What needs to be done:
The answer is the exact run of lines in the listing below from the line containing "1973 honda cb750 - honda, cafe" up to and including the line containing "CKV-69-273 Galeri Küçük Görsel 4", with pictures removed.
BEGIN Records provided
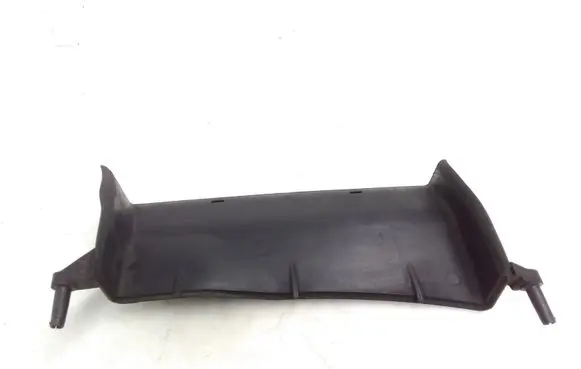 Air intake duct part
END Records provided
BEGIN Records provided
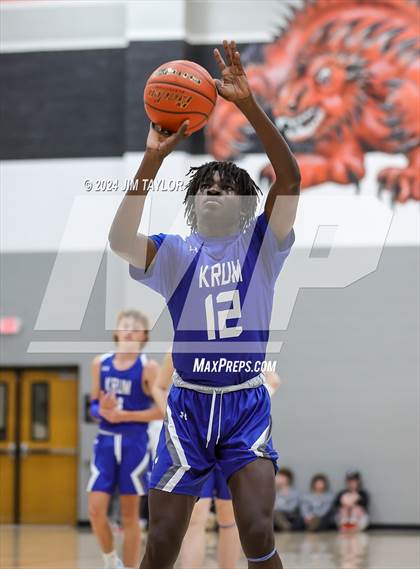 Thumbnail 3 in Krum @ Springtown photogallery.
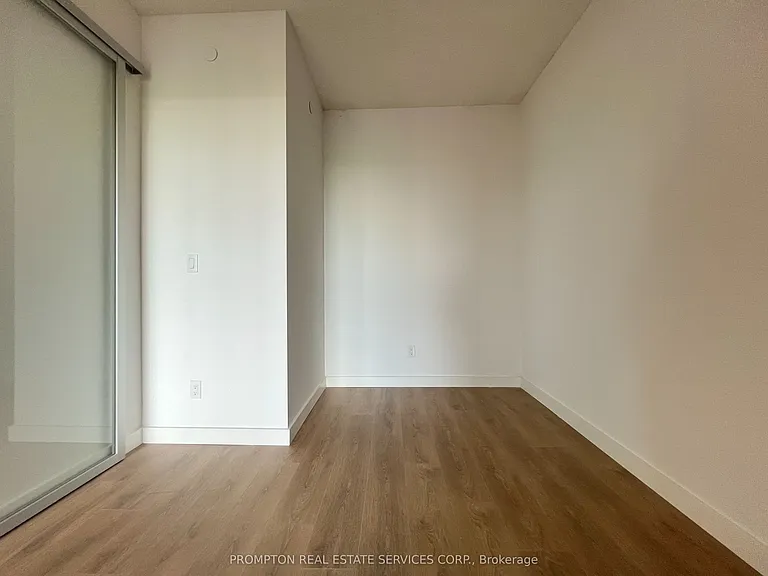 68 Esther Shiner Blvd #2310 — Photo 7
END Records provided
BEGIN Records provided
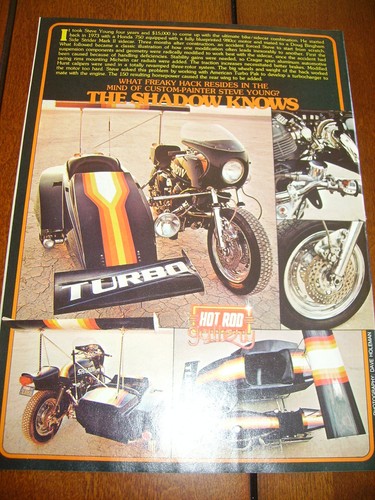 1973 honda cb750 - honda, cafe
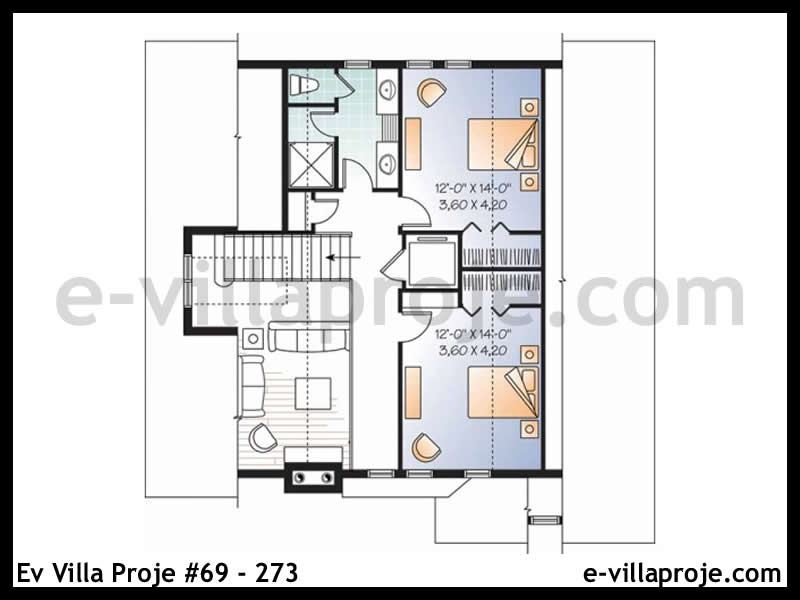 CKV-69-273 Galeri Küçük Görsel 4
END Records provided
Exercise result:
 1973 honda cb750 - honda, cafe
 CKV-69-273 Galeri Küçük Görsel 4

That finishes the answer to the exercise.